What should a network assessment checklist include before a cloud migration?
A network assessment checklist before a cloud migration should document application dependencies, baseline bandwidth and latency, review segmentation and security controls, validate DNS and remote access paths, confirm backup and recovery requirements, and identify any infrastructure changes that need to happen before cutover. If that work is skipped, the migration usually looks simpler on paper than it feels in production.123
That is the core reason we think network assessment deserves more attention than it usually gets. Teams often spend plenty of time discussing destination platforms, licensing, and migration tooling, then treat the network like a passive pipe that will simply adapt. In reality, the network determines whether cloud applications feel usable, whether identity and security controls remain enforceable, whether branches and remote users stay productive, and whether a rollback or recovery path is realistic.
In our experience, the best pre-migration assessments do not just ask whether the internet circuit is fast enough. They ask whether the environment can support the business after traffic patterns change. A Microsoft 365 rollout, Azure workload migration, hosted line-of-business app, VDI deployment, or hybrid-cloud architecture can all shift latency sensitivity, inspection points, egress patterns, VPN behavior, and vendor dependencies at the same time.
If your team is already reviewing broader cloud migration services, thinking through a cloud account governance framework, or comparing Datapath’s managed IT services for ongoing support, this checklist is the work that keeps migration planning grounded in reality.
Why does network readiness matter so much before cloud migration?
Network readiness matters because cloud migration changes where applications live, how users reach them, and which controls sit in the traffic path. Microsoft, AWS, and DigitalOcean all emphasize readiness assessment because poor preparation shows up later as performance complaints, unexpected remediation work, and migration delays.124
Cloud migration changes traffic patterns
An on-premises application may currently serve users over a fast local network. After migration, that same workflow might depend on internet egress, cloud-region proximity, secure web gateways, identity checks, and WAN performance between offices. If those paths are not assessed ahead of time, users experience the migration as a downgrade even if the application itself was moved correctly.
The network affects both performance and governance
A pre-migration assessment should not stop at speed. It should also answer questions like:
- Where will sensitive traffic traverse after cutover?
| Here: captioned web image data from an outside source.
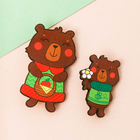 Набор значков для мамы и ребенка «Медведи» 8 х 12 см - Фото 2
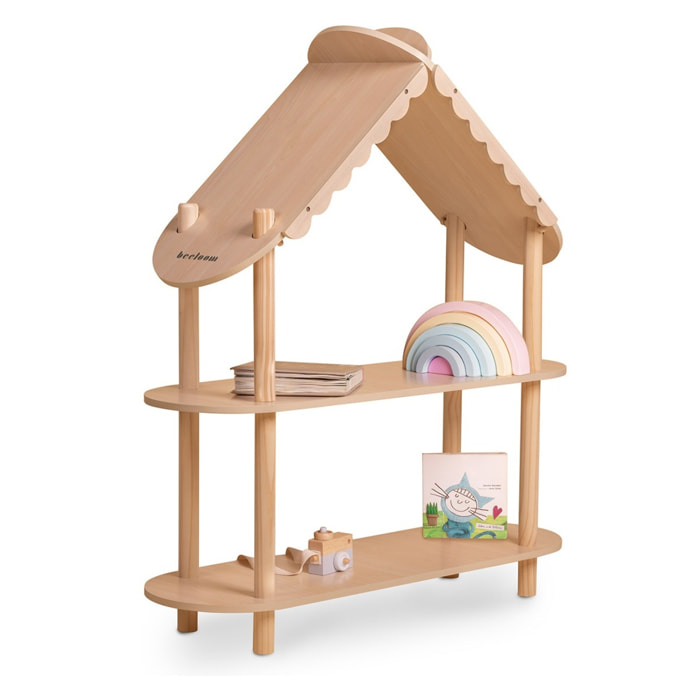 Estantería Montessori STORY HOUSE, diseño infantil para juguetes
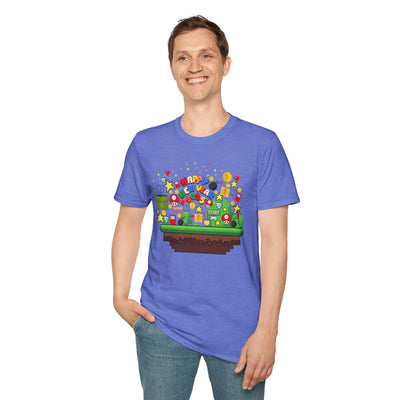 T-Shirt: Happy New Year Gamer Design | Retro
- Which systems still depend on on-prem resources?
- What breaks if a VPN, firewall rule, or DNS dependency is missed?
- How will remote users, branch offices, and vendors reach the new environment?
- Which alerts, logs, and ownership boundaries need to change?
Those questions matter even more for regulated teams in healthcare, finance, education, and municipal operations where uptime, evidence, and segmentation expectations are harder to ignore.
What should be on the checklist before migration starts?
We recommend organizing the assessment around performance, architecture, security, and operational ownership. The goal is not to create a giant spreadsheet for its own sake. The goal is to surface what must be true before production workloads move.
1. Inventory applications, dependencies, and traffic flows
Before touching circuits or firewall rules, document what actually communicates with what. Microsoft specifically recommends assessing workloads and dependencies before migration because applications rarely move in true isolation.1
At minimum, your team should identify:
- critical applications and business owners
- upstream and downstream dependencies
- authentication dependencies such as Active Directory, Entra ID, or SSO providers
- database and file-share dependencies
- APIs and third-party integrations
- printing, scanning, and line-of-business workflows that still rely on local resources
- remote-access or branch-office requirements
This is where a lot of migration plans get exposed. An application may look cloud-ready until someone remembers it still depends on an on-prem SQL server, a local print service, a flat-file integration, or a hard-coded IP allowlist. If the dependency map is incomplete, cutover risk stays hidden.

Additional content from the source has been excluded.